• **COLLECTED DATA**:
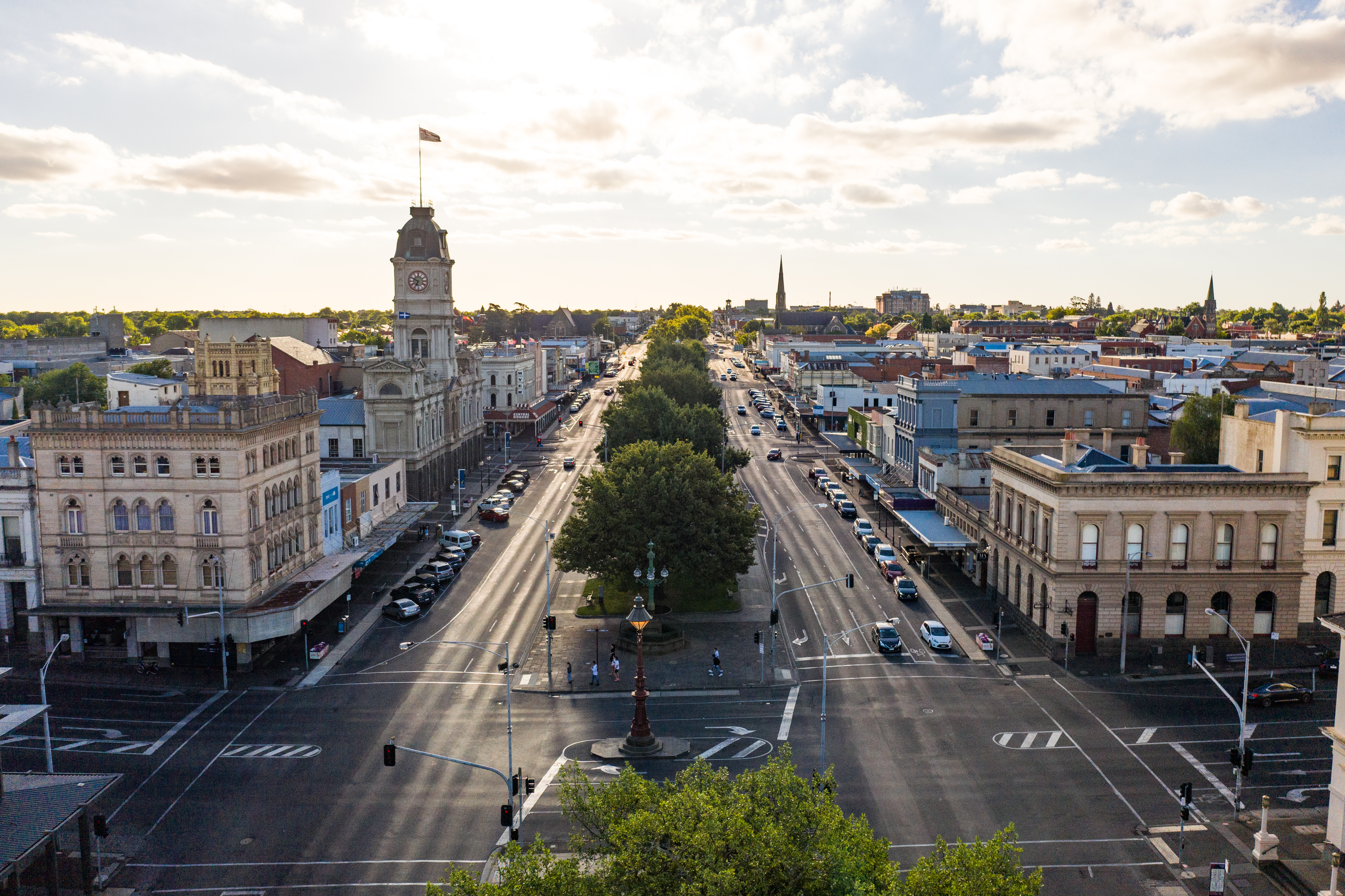 Aerial image of Ballarat from above Sturt Street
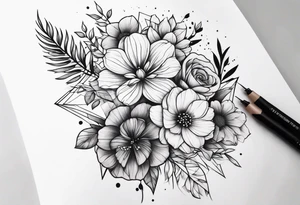 Standard flower bouquet on upper arm tattoo idea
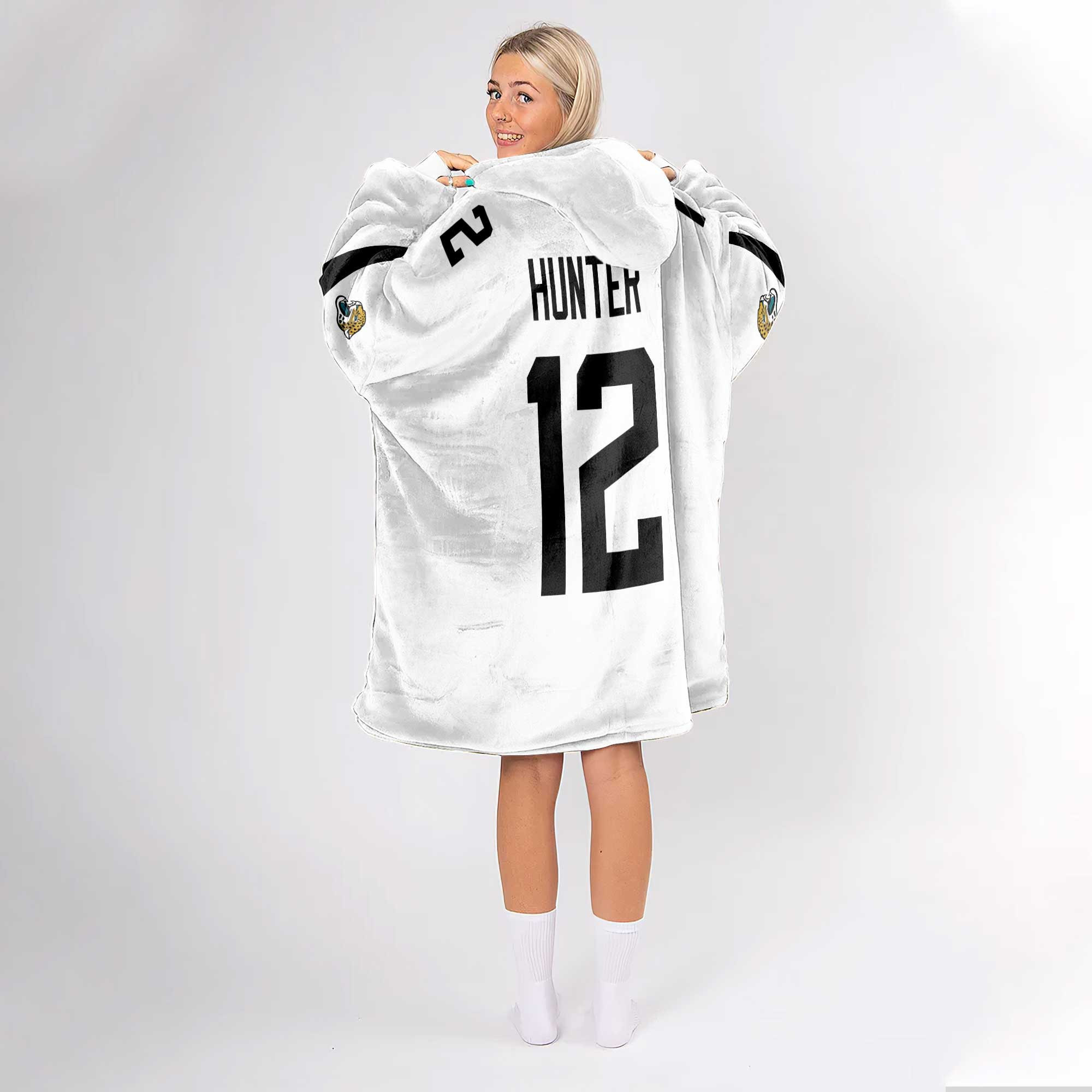 Adult 12 Jacksonville Football Unisex Blanket Hoodie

• **WHAT TO WORK ON**:
An exact reproduction of the data is required, with pictures excluded.

• **ANSWER TO THIS TASK**:
 Aerial image of Ballarat from above Sturt Street
 Standard flower bouquet on upper arm tattoo idea
 Adult 12 Jacksonville Football Unisex Blanket Hoodie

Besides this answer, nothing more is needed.